• What is required:
Repeat the data exactly as given below, dropping every picture.

[Input data — start]

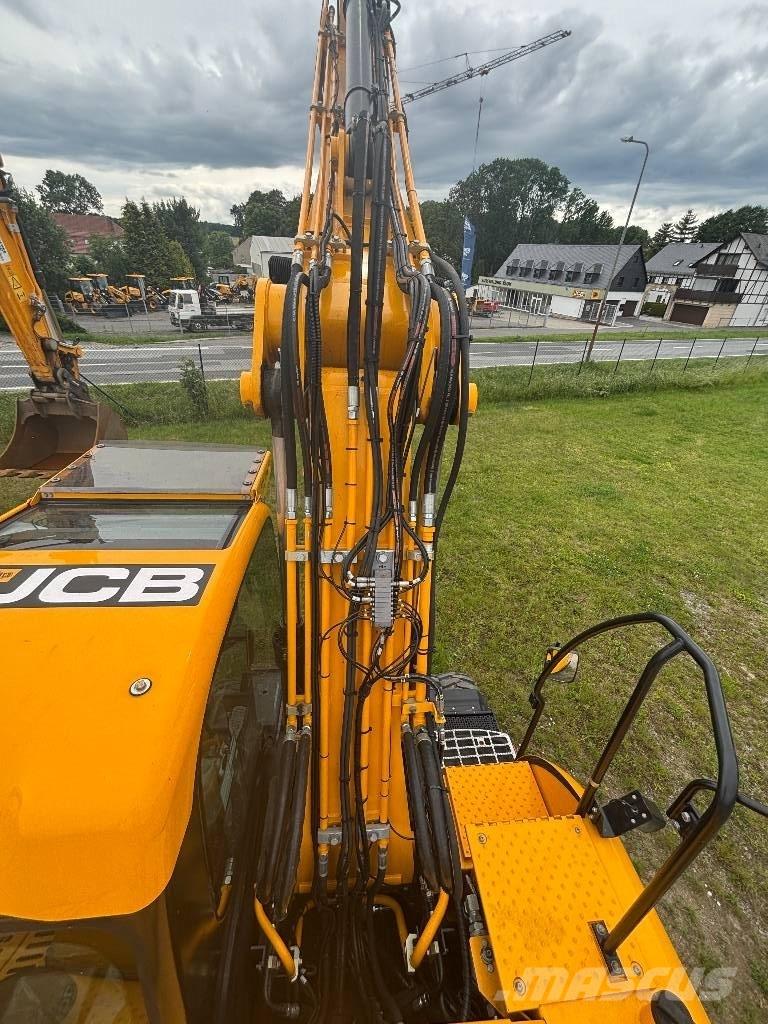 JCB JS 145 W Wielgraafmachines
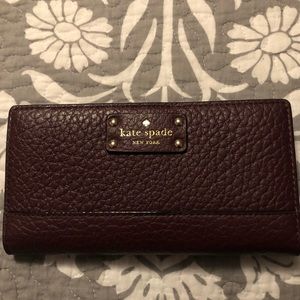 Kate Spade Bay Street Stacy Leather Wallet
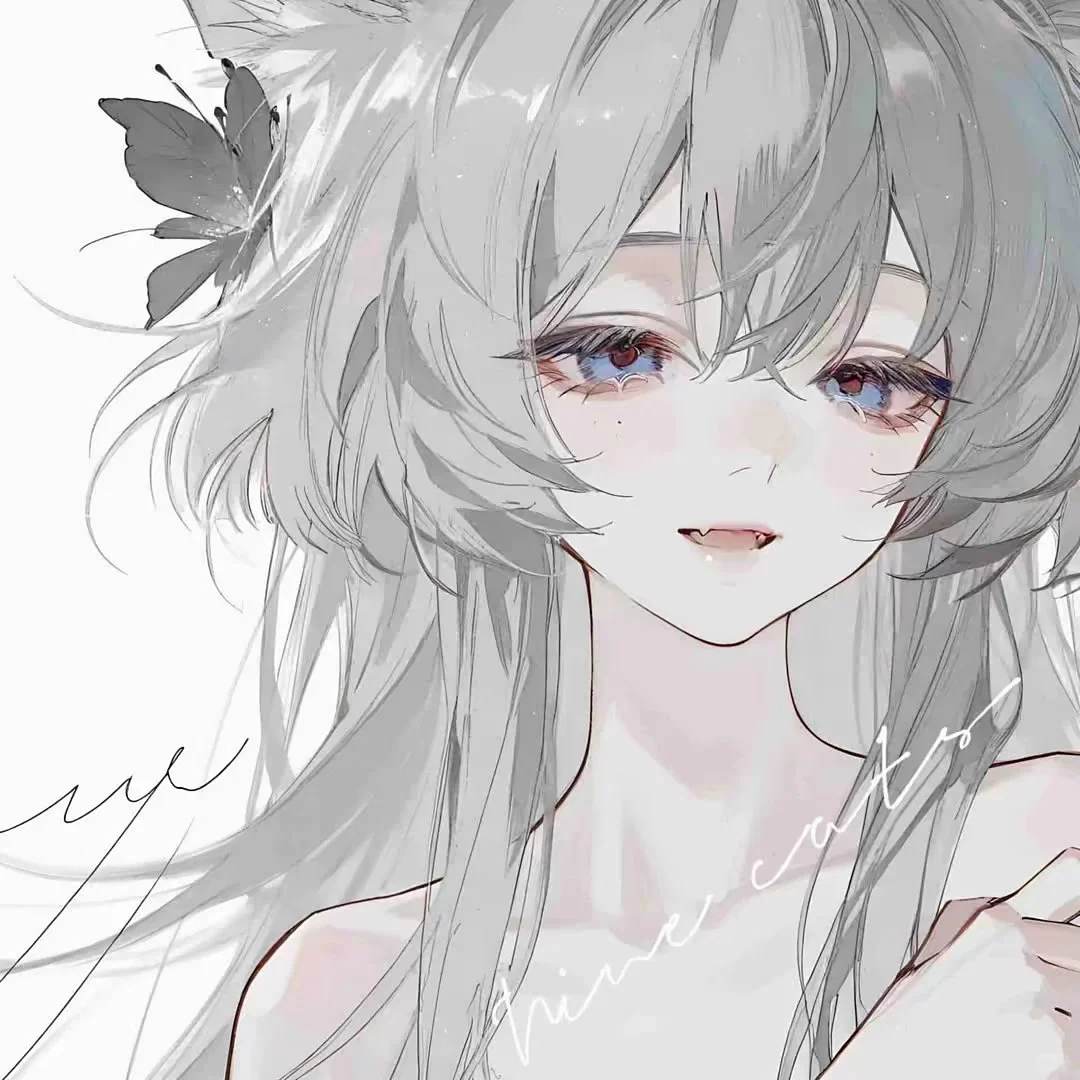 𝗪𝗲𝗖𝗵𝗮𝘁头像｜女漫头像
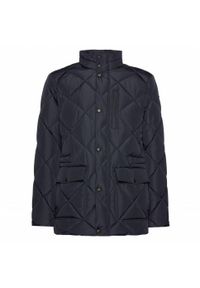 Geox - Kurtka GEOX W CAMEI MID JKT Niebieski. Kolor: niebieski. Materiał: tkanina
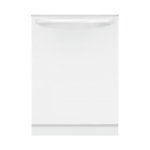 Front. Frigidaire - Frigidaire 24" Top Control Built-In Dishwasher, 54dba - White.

[Input data — finish]

• Solution to the exercise:
 JCB JS 145 W Wielgraafmachines
 Kate Spade Bay Street Stacy Leather Wallet
 𝗪𝗲𝗖𝗵𝗮𝘁头像｜女漫头像
 Geox - Kurtka GEOX W CAMEI MID JKT Niebieski. Kolor: niebieski. Materiał: tkanina
 Front. Frigidaire - Frigidaire 24" Top Control Built-In Dishwasher, 54dba - White.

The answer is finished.